When I first started out surf fishing, I used nothing but spinning rods and reels, it was the best thing they invented for that set up. It keeps from slicing your finger wide open. Surfchunker, I noticed the same thing while I was chunking 6 n bait. I even ripped a couple of guides off also. I can tell you that it is not because of the cannon. In my case it was because of my technique while throwing it, which I would the pendulum swing. I really worked on my technique and I haven't had any line slap in a good while. I even thought that it could be because of my main line to shock leader knot which was the uni to blob knot and then changed it to the albright knot. But, it wasn't that either. I went back to the uni to blob knot just to see if it made a differnce and I got my technique somewhat down and you guessed it, no line slap. I have since gone to conventional rod and reels and I still keep the 1 spinning out just because I still love throwing it. Hope this helps guys. Fish on!


----------



## surfchunker

I mostly use Conv too but my Mrs likes the spinners ... so I keep a heaver and a middle ground rod that has them on it for her .....


----------



## eric

i use more then 2 wraps. i use at least 4 wraps.
guarantee it wont move when you really press the trigger down hard for a power cast.


----------



## lrs

I got it yesterday. I tied it down with 2 plastic ties. I took into a vacant lot behind my house this morning, gave a couple of practice throws, works like a charm. 
I was thinking of entering a SCUSA contest on Crystal Beach 4/12/8. I emailed them this morning to make sure it is OK to use the breakaway cannon. Have not heard back yet. 
If they allow it, I plan to enter. 
Evidently there are line restrictions, as well as weight of sinker restrictions. 
If all goes well, this will be my first contest.


----------



## surfchunker

*comp casting*

not sure but I don't think you can use any casting aids


----------



## Raleighwood

WOW, I just put one of these on a 10' rod. Tried in the front yard with 3oz weight and launched it a full 300'. I guess that's pretty good - definitely better than I was casting without it.


----------



## LEW1

Hi folks. I bought the breakaway cannon last year but have not mounted it yet. The edge of the bottom of the base appeared to be rather sharp and did not appear to to fit the circumference of the foam grip on my no name 10 ft spinning rod. Also looks like it works best with a reel seat that tightens from the butt end.
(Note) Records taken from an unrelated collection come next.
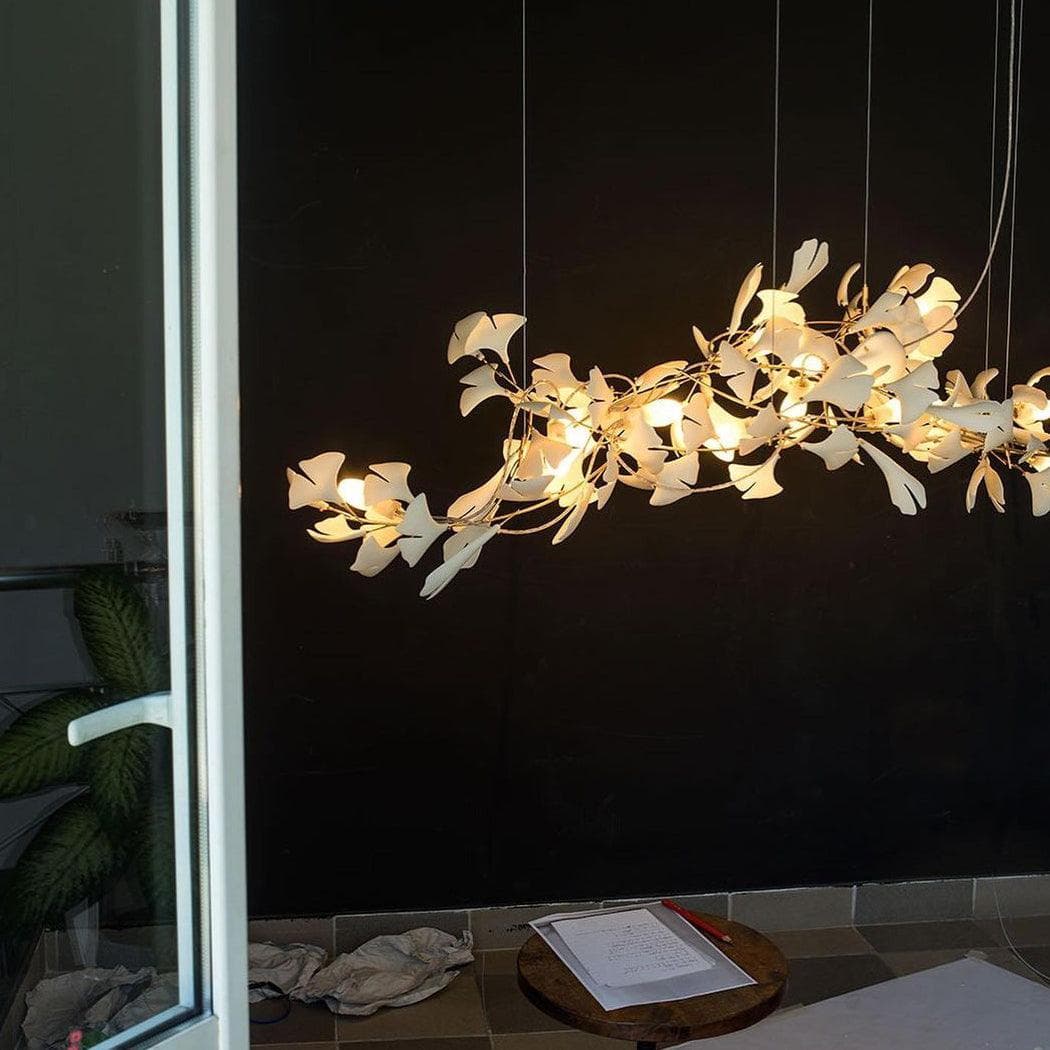 Gingko Chandelier E USE White and Gold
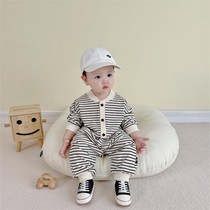 South Korean male and female baby conjoined spring and autumn season out of khae stripe climbing clothes for six months baby clothes autumn clothes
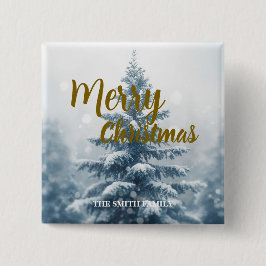 Elegant Christmas Xmas winter pine tree forest Button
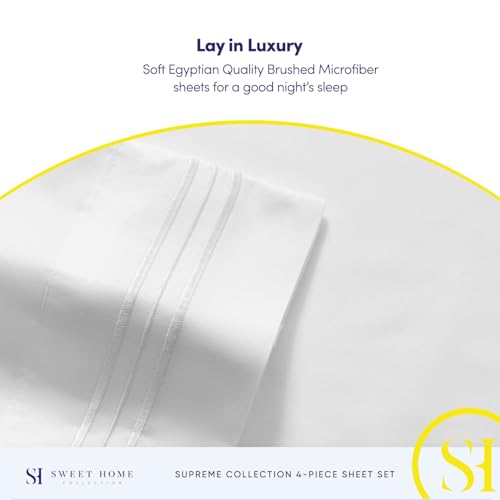 Split King Sheets - Breathable Luxury Sheets with Full Elastic & Secure Corner Straps Built In - 1800 Supreme Collection Extra Soft Deep Pocket Bedding Set, Sheet Set, Split King Size, White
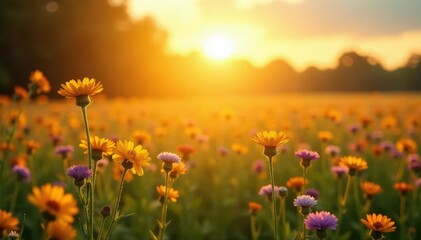 Golden hour sunlight streams across a field of wildflowers , spring, peaceful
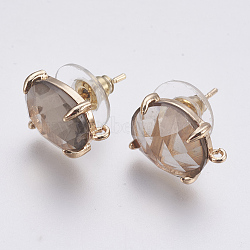 Faceted Glass Stud Earring Findings, with Loop, Light Gold Plated Brass Findings, Oval, Light Grey, 14x10x5mm, Hole: 1mm, Pin: 0.8mm(GLAA-F084-A06)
Just wonder if anyone grinds the edge or reshapes the base before mounting. I did not want to damage the grip material. Thanks for your ideas.


----------



## curtisb

surfchunker said:


> not sure but I don't think you can use any casting aids


Haven't seen any rules saying you can't use the cannon in tournies in the 6yrs I have been casting in them. What would be different from using it versus thumb protection on a bait caster. Both could possibly help improve distance but also can prevent line slip and injury.


----------



## Hudak

Wow, zombie threads will jump up and bite you when you least expect it!! LOL

Robert


----------



## curtisb

thekingfeeder said:


> Wow, zombie threads will jump up and bite you when you least expect it!! LOL
> 
> Robert


Hmm, see what happens when you have been away for a few weeks. You forget to read dates of post.


----------